Alexander McCracken was born in 1856, the son of Robert McCracken. Robert together with his brother emigrated to Australia in 1841. Ten years later they began a brewing business in Melbourne. The brewing business prospered due to the increased industrialization of the brewing methods and also the practice of tying publicans to their brewery.

One of the brothers less successful ventures was the construction of the Railway to Essendon. The financial disaster nearly bankrupted the family.

In his early life Alexander McCracken wanted to be a horse trainer. However his father did not consider that engaging in this trade was was a suitable occupation for his son and insisted that Alexander pursue business interests in the family company and elsewhere. In 1884 Alexander McCracken joined his father's business.

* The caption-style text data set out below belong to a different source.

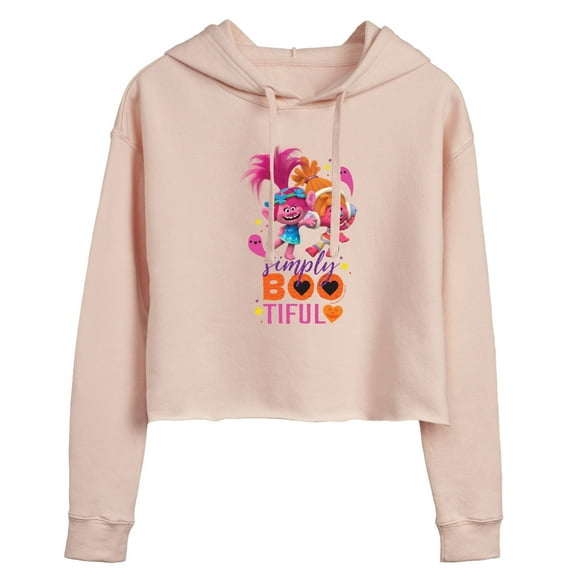 Trolls Movie - Halloween - Simply Bootiful - Poppy & DJ Suki - Juniors Cropped Pullover Hoodie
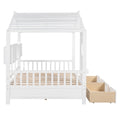 Wooden Full Size House Bed With 2 Drawers,Kids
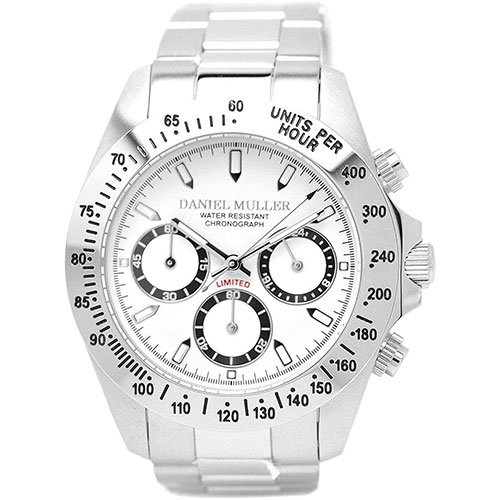 【クリックで詳細表示】ダニエルミューラー 腕時計 クロノグラフ ステンレス製 メンズウォッチ ホワイト ホワイト ：DM-2003WH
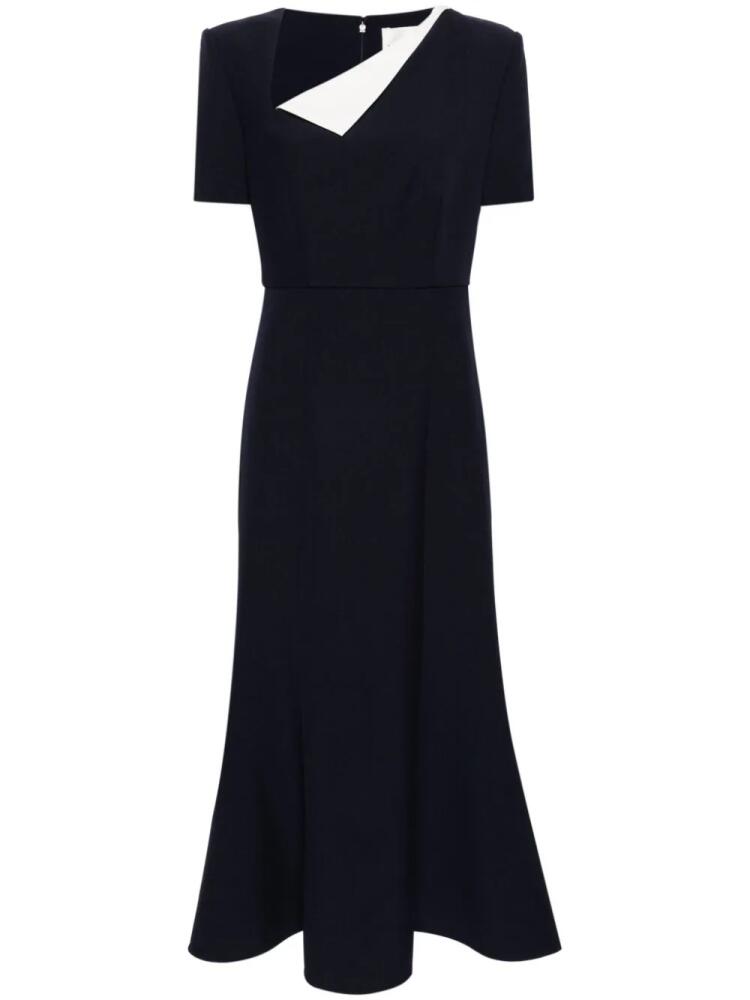 Roland Mouret asymmetric-neck crepe maxi dress - Blue Cover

Alexander McCracken was a well known public figure in the Essendon area, either founding or in other ways involving himself with a large number of local clubs and and Societies. I will list only some of these associations here. He was:

  • the founding Secretary of the Essendon Football Club at the age of 17. His father was the Founding President of the Club and his cousin Coiler, the Captain. He later went on to become President of the club.
  • First President of the VFL.
  • Founder Essendon Cricket Club.
  • Founder Essendon Rowing Club.
  • Founder Essendon Tennis Club.
  • Vice President of the Victorian Racing Club.
  • President of Essendon Literary and Debating Society.

In 1884 he married Mary Elizabeth Peck, the daughter of John Murray Peck, another early landowner in Strathmore.

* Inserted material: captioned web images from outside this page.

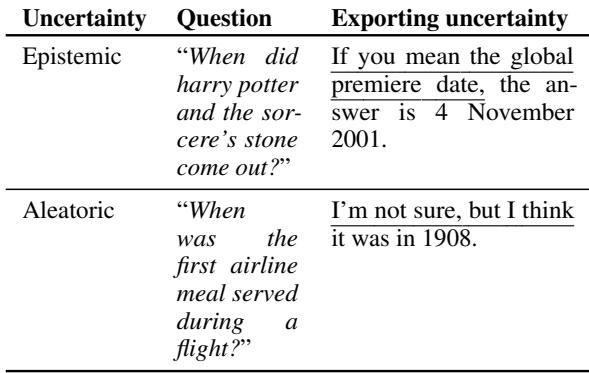 表4: 在语言上反映不确定性的适当方式取决于不确定性的来源。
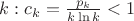 $k: c_k = \frac{p_k}{k \ln k}<1$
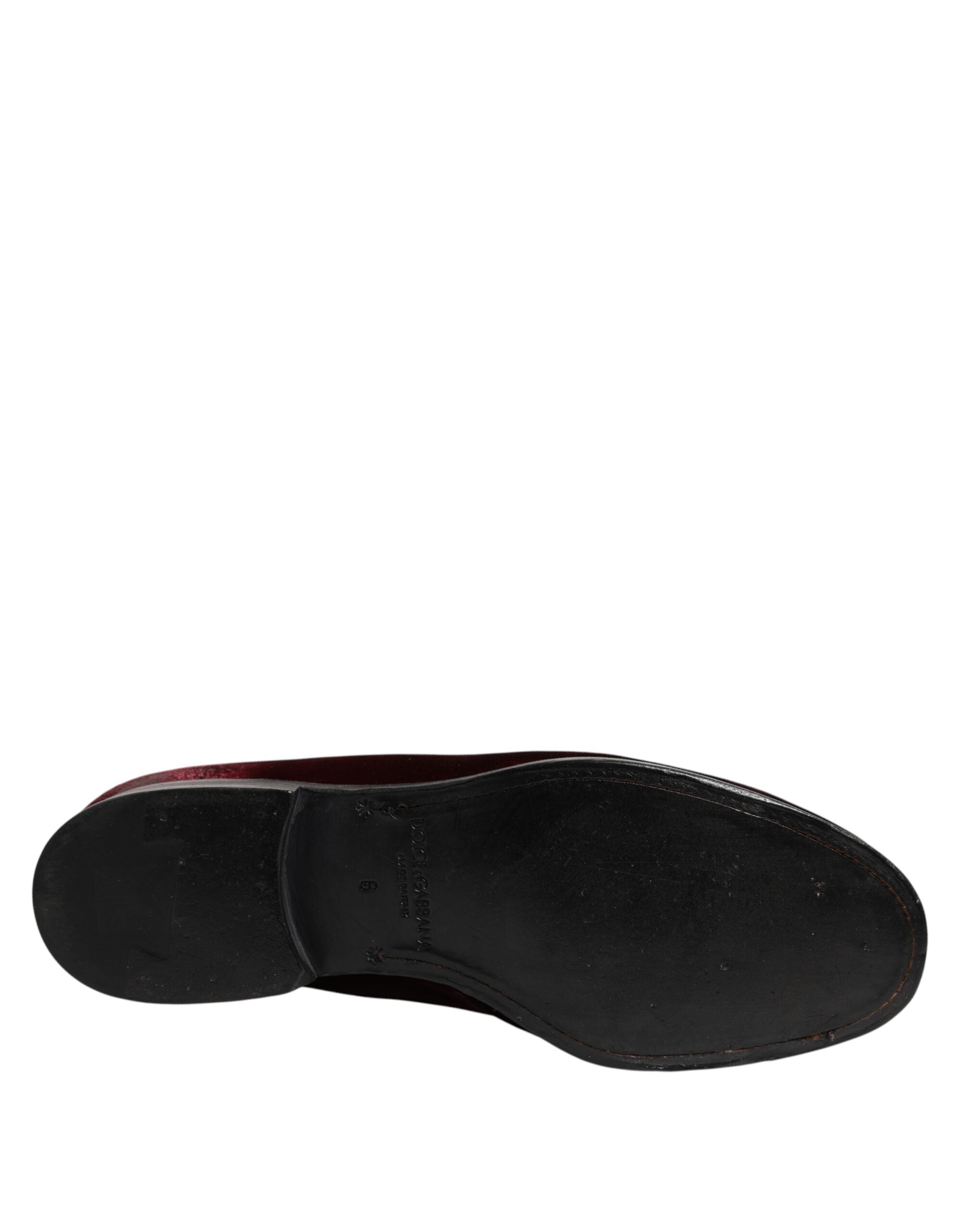 Dolce &amp; Gabbana Røde Velvet Herre Slip On Loafers Pæne Sko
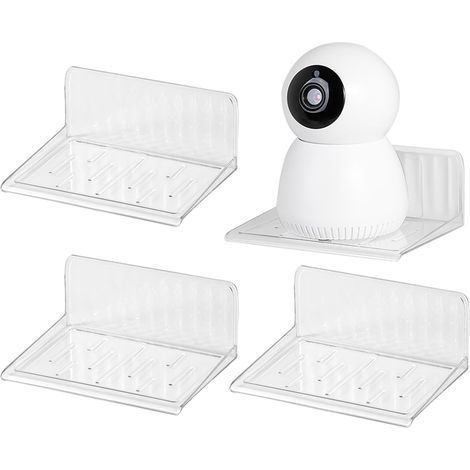 Lot de 4 Étagères Murales en Transparent,Petite étagère Murale sans Percer avec 4 Autocollants Adhésifs pour Salle De Bain,Cuisine,Chambre,Agrandissez Facilement l'espace Mural (1/5)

At the insistence of acquaintances and against his better judgment he ran for political office in 1894. He stood for the Essendon Flemington electorate against Alfred Deakin (who was to later become the Second Prime Minister of Australia in 1903). Alexander lost the election.

In 1907 the McCracken brewing business became part of the Carlton and United Breweries.

McCracken was fiercely Presbyterian and did not want his property North Park to fall into the hands of a Catholic Institution on his death. He was so adamant about this that he put a Codicil in his will. On his death the property was sold to Harvey Paterson, an executive of BHP who later sold to the Catholic St. Columban Mission.

Alexander died in 1915 at the age of 59.